WARNING:tensorflow:Compiled the loaded model, but the compiled metrics have yet to be built. `model.compile_metrics` will be empty until you train or evaluate the model.
2021-08-13 11:16:36.664551: W tensorflow/compiler/mlir/lite/python/tf_tfl_flatbuffer_helpers.cc:351] Ignored output_format.
2021-08-13 11:16:36.664597: W tensorflow/compiler/mlir/lite/python/tf_tfl_flatbuffer_helpers.cc:354] Ignored drop_control_dependency.
2021-08-13 11:16:36.668981: I tensorflow/compiler/mlir/tensorflow/utils/dump_mlir_util.cc:210] disabling MLIR crash reproducer, set env var `MLIR_CRASH_REPRODUCER_DIRECTORY` to enable.
WARNING:tensorflow:Compiled the loaded model, but the compiled metrics have yet to be built. `model.compile_metrics` will be empty until you train or evaluate the model.
INFO:tensorflow:Assets written to: /tmp/tmpenn8hns6/assets
INFO:tensorflow:Assets written to: /tmp/tmpenn8hns6/assets
2021-08-13 11:16:39.184787: I tensorflow/core/grappler/devices.cc:66] Number of eligible GPUs (core count >= 8, compute capability >= 0.0): 0
2021-08-13 11:16:39.185019: I tensorflow/core/grappler/clusters/single_machine.cc:357] Starting new session
2021-08-13 11:16:39.188948: I tensorflow/core/grappler/optimizers/meta_optimizer.cc:1137] Optimization results for grappler item: graph_to_optimize
  function_optimizer: function_optimizer did nothing. time = 0.01ms.
  function_optimizer: function_optimizer did nothing. time = 0.002ms.

2021-08-13 11:16:39.294765: W tensorflow/compiler/mlir/lite/python/tf_tfl_flatbuffer_helpers.cc:351] Ignored output_format.
2021-08-13 11:16:39.294816: W tensorflow/compiler/mlir/lite/python/tf_tfl_flatbuffer_helpers.cc:354] Ignored drop_control_dependency.

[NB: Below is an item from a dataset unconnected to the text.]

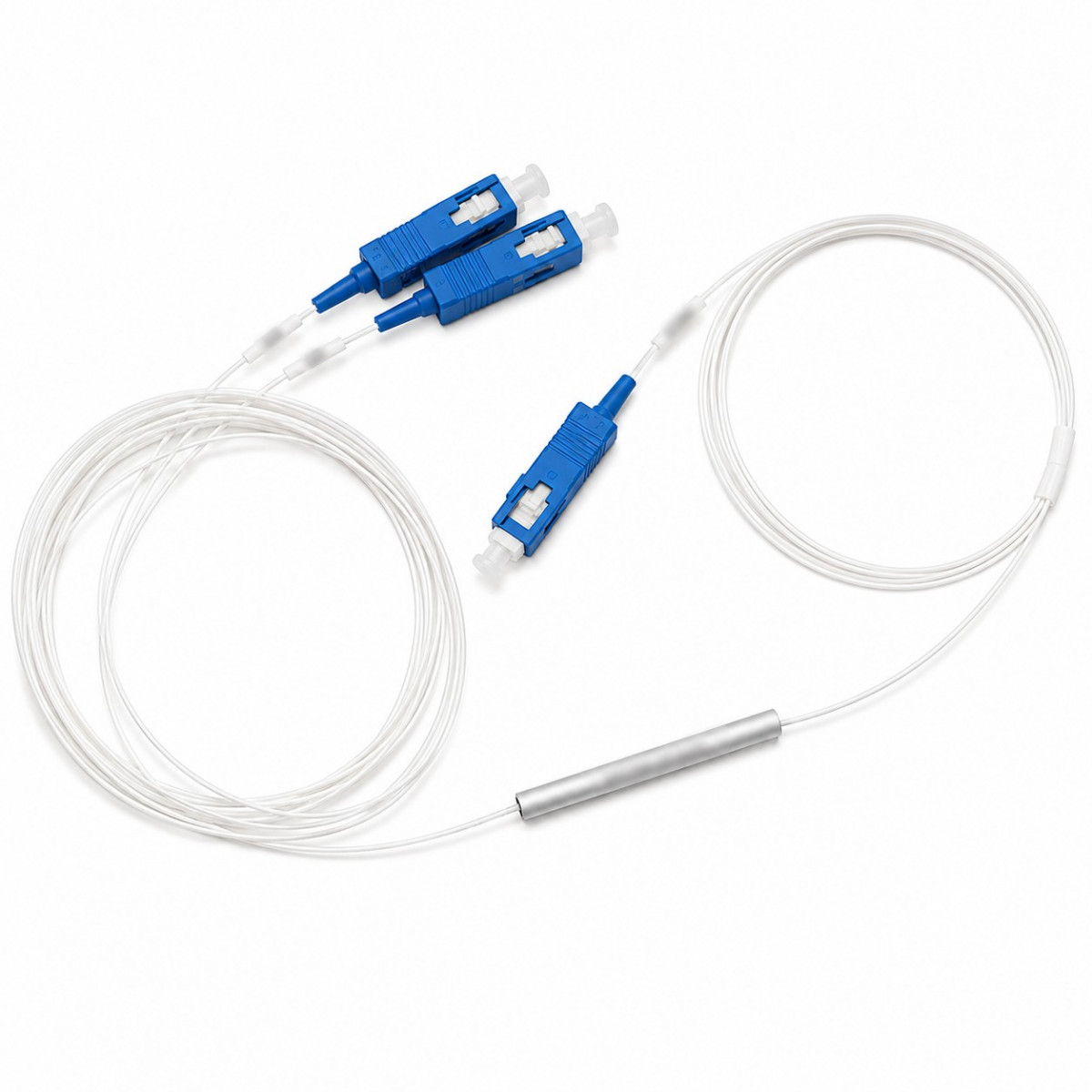 Сплиттер PLC 1x2 steel tube 0,9mm 1,5m G657 SC/UPC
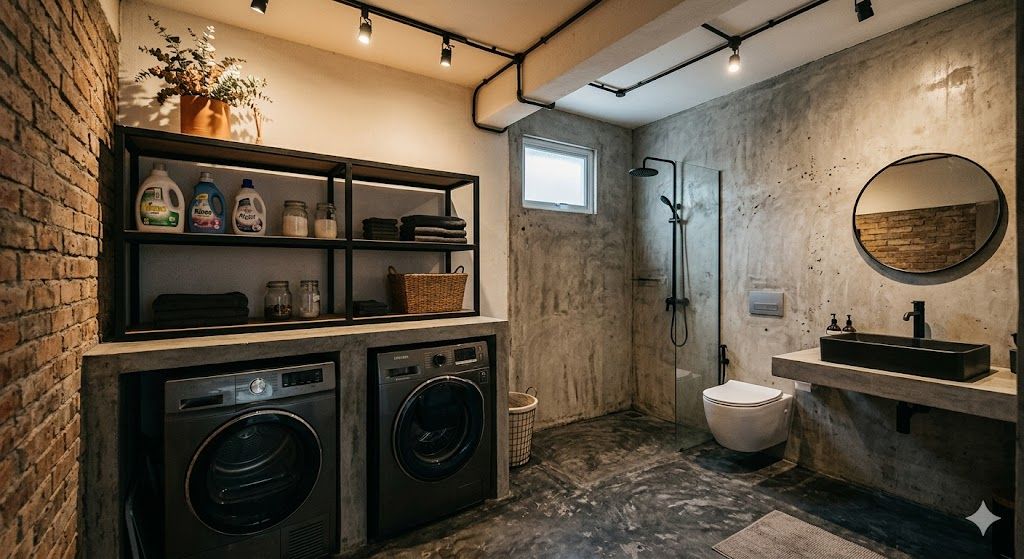 Desain kamar mandi dan tempat cuci baju gaya Japandi dengan rak kayu dan mesin cuci front-loading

Following the instructions of TFLite Model Benchmarking Tool, we build the tool, upload it to the Android device together with dense and pruned TFLite models, and benchmark both models on the device.

! adb shell /data/local/tmp/benchmark_model \
    --graph=/data/local/tmp/dense_model.tflite \
    --use_xnnpack=true \
    --num_runs=100 \
    --num_threads=1
/bin/bash: adb: command not found
! adb shell /data/local/tmp/benchmark_model \
    --graph=/data/local/tmp/pruned_model.tflite \
    --use_xnnpack=true \
    --num_runs=100 \
    --num_threads=1
/bin/bash: adb: command not found

Benchmarks on Pixel 4 resulted in average inference time of 17us for the dense model and 12us for the pruned model. The on-device benchmarks demonstrate a clear 5us or 30% improvements in latency even for such small models. In our experience, larger models based on MobileNetV3 or EfficientNet-lite show similar performance improvements. The speed-up varies based on the relative contribution of 1x1 convolutions to the overall model.

Conclusion

In this tutorial, we show how one may create sparse models for faster on-device performance using the new functionality introduced by the TF MOT API and XNNPack. These sparse models are smaller and faster than their dense counterparts while retaining or even surpassing their quality.

We encourage you to try this new capability which can be particularly important for deploying your models on device.